→ Provided data
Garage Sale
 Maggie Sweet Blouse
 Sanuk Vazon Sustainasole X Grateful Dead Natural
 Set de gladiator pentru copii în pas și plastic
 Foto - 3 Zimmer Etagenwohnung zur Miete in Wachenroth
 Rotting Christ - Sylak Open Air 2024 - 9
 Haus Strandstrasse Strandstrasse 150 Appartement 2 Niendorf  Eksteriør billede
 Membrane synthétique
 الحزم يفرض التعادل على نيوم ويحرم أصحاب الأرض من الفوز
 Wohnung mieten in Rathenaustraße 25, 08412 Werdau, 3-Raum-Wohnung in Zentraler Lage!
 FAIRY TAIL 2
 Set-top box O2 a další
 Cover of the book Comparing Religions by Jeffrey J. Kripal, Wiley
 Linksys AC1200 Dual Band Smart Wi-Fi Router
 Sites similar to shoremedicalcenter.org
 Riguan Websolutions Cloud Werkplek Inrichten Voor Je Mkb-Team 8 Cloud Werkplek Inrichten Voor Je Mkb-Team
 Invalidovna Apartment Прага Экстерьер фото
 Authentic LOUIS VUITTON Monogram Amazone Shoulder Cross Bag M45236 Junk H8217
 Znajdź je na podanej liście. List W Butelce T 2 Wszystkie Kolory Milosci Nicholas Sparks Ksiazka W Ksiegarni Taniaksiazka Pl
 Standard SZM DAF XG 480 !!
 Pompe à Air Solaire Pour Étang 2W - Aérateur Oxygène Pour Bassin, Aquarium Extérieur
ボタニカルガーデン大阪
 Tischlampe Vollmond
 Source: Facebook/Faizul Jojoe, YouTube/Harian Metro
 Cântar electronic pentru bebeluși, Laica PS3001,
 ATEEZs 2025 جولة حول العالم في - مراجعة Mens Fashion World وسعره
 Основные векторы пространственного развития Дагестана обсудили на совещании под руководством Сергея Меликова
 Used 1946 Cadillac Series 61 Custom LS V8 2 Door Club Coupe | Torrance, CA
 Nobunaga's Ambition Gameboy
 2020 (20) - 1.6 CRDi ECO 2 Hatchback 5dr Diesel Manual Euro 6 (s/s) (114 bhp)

→ Work to be completed
Output the whole listing word for word.

→ Reply to the task
Garage Sale
 Maggie Sweet Blouse
 Sanuk Vazon Sustainasole X Grateful Dead Natural
 Set de gladiator pentru copii în pas și plastic
 Foto - 3 Zimmer Etagenwohnung zur Miete in Wachenroth
 Rotting Christ - Sylak Open Air 2024 - 9
 Haus Strandstrasse Strandstrasse 150 Appartement 2 Niendorf  Eksteriør billede
 Membrane synthétique
 الحزم يفرض التعادل على نيوم ويحرم أصحاب الأرض من الفوز
 Wohnung mieten in Rathenaustraße 25, 08412 Werdau, 3-Raum-Wohnung in Zentraler Lage!
 FAIRY TAIL 2
 Set-top box O2 a další
 Cover of the book Comparing Religions by Jeffrey J. Kripal, Wiley
 Linksys AC1200 Dual Band Smart Wi-Fi Router
 Sites similar to shoremedicalcenter.org
 Riguan Websolutions Cloud Werkplek Inrichten Voor Je Mkb-Team 8 Cloud Werkplek Inrichten Voor Je Mkb-Team
 Invalidovna Apartment Прага Экстерьер фото
 Authentic LOUIS VUITTON Monogram Amazone Shoulder Cross Bag M45236 Junk H8217
 Znajdź je na podanej liście. List W Butelce T 2 Wszystkie Kolory Milosci Nicholas Sparks Ksiazka W Ksiegarni Taniaksiazka Pl
 Standard SZM DAF XG 480 !!
 Pompe à Air Solaire Pour Étang 2W - Aérateur Oxygène Pour Bassin, Aquarium Extérieur
ボタニカルガーデン大阪
 Tischlampe Vollmond
 Source: Facebook/Faizul Jojoe, YouTube/Harian Metro
 Cântar electronic pentru bebeluși, Laica PS3001,
 ATEEZs 2025 جولة حول العالم في - مراجعة Mens Fashion World وسعره
 Основные векторы пространственного развития Дагестана обсудили на совещании под руководством Сергея Меликова
 Used 1946 Cadillac Series 61 Custom LS V8 2 Door Club Coupe | Torrance, CA
 Nobunaga's Ambition Gameboy
 2020 (20) - 1.6 CRDi ECO 2 Hatchback 5dr Diesel Manual Euro 6 (s/s) (114 bhp)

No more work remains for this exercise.